„Mit beachtlichem Ungeschick verstolpert die SPD, was eigentlich mit einem strategischen Plan lange vorbereitet war.“

Erst hat SPD-Chef Martin Schulz kein Glück, jetzt kommt auch noch Pech dazu: Bei der Präsentation des Wahlprogramms geht den Genossen schief, was nur schiefgehen kann. Das Konzept ist immer noch nicht fertig, die Änderungswünsche häufen sich, die Präsentation wird vorübergehend abgesagt – und als sich die Spitzengenossen über die Papiere beugen, müssen sie wegen Bombenalarms die Parteizentrale räumen.

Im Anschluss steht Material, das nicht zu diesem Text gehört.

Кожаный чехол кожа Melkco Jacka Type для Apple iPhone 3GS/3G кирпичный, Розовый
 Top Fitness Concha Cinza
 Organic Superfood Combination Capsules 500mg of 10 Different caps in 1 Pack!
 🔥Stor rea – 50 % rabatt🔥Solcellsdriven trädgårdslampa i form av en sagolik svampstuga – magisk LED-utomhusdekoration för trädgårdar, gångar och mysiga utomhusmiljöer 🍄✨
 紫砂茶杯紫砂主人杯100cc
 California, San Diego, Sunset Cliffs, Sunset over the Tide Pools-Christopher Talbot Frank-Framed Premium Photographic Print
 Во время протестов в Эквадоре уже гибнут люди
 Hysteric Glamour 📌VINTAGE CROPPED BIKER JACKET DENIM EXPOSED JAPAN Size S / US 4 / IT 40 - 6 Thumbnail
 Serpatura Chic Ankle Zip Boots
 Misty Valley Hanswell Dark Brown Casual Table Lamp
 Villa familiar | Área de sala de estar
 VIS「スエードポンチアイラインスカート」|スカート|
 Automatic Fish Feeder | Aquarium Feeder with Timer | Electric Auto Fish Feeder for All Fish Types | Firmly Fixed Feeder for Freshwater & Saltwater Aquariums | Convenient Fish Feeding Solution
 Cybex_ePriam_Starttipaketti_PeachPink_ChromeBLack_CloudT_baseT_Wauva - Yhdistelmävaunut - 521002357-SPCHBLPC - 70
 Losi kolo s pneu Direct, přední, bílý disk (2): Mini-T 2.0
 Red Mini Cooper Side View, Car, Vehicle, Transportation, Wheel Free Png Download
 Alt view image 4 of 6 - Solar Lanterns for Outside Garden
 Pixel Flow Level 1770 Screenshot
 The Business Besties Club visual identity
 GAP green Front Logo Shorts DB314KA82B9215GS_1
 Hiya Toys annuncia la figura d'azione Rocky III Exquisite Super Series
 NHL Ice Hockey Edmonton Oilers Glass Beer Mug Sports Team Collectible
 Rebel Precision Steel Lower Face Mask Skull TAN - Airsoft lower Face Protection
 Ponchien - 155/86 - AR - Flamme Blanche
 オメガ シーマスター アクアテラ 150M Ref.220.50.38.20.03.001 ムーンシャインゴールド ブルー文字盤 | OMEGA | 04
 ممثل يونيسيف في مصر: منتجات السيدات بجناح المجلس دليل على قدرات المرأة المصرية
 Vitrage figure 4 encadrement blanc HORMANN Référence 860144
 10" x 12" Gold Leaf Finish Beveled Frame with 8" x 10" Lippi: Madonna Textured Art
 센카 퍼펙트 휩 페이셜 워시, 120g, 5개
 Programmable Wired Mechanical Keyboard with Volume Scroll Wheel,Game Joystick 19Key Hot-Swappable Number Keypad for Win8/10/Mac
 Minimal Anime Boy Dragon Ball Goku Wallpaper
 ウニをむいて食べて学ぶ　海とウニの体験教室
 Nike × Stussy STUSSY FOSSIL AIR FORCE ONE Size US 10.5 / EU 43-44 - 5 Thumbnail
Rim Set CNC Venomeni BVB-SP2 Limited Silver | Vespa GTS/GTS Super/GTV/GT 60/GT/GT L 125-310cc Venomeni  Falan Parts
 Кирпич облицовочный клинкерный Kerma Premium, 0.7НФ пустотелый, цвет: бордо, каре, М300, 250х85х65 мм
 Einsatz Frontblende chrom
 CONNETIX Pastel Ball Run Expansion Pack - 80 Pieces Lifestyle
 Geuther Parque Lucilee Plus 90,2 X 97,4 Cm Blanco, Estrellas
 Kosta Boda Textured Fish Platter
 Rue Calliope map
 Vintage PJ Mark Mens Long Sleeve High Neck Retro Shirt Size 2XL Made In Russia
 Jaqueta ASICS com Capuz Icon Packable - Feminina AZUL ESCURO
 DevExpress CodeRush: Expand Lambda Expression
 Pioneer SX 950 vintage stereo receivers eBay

Das Chaos passt ins Bild. Mit beachtlichem Ungeschick verstolpert die SPD im Vorwahlkampf, was eigentlich mit einem strategischen Plan lange vorbereitet war. Mindestens so schwer wiegt auch, dass die Genossen ausgerechnet bei zentralen Punkten Antworten immer noch vermissen lassen. Was sich hinter dem wolkigen Versprechen einer Stabilisierung des Rentenniveaus verbirgt, weiß die SPD selbst noch nicht. Derweil klagt der Vorsitzende erst mit Leidenschaft über Unwuchten des Hartz-IV-Systems, bietet dann aber nicht mehr als eine Minireform zu Weiterbildungsanreizen für Langzeitarbeitslose an. Erst ist Deutschland für ihn ein „ungerechtes“, jetzt vor allem ein „tolles“ Land. Die Unentschlossenheit in großen Fragen ist die offene Flanke von Schulz.

Zu dieser Konturschwäche gehört die Lässigkeit, mit der sich der SPD-Chef auch eine rot-rot-grüne Koalitionsoption offenhält. Realistisch ist sie nicht – doch Schulz scheut eine klare Absage, weil er den linken Flügel nicht verprellen will. Das kann nicht gut gehen.

Noch ist der Kanzlerkandidat in seiner Partei unangefochten. Er muss die Zeit nutzen, um endlich Profil zu gewinnen und klare Ansagen zu machen: In den wichtigsten Programmpunkten wie der Steuerpolitik ebenso wie in der Koalitionsfrage. Wer den Anspruch hat, Deutschland zu regieren, muss zeigen, dass er führen kann.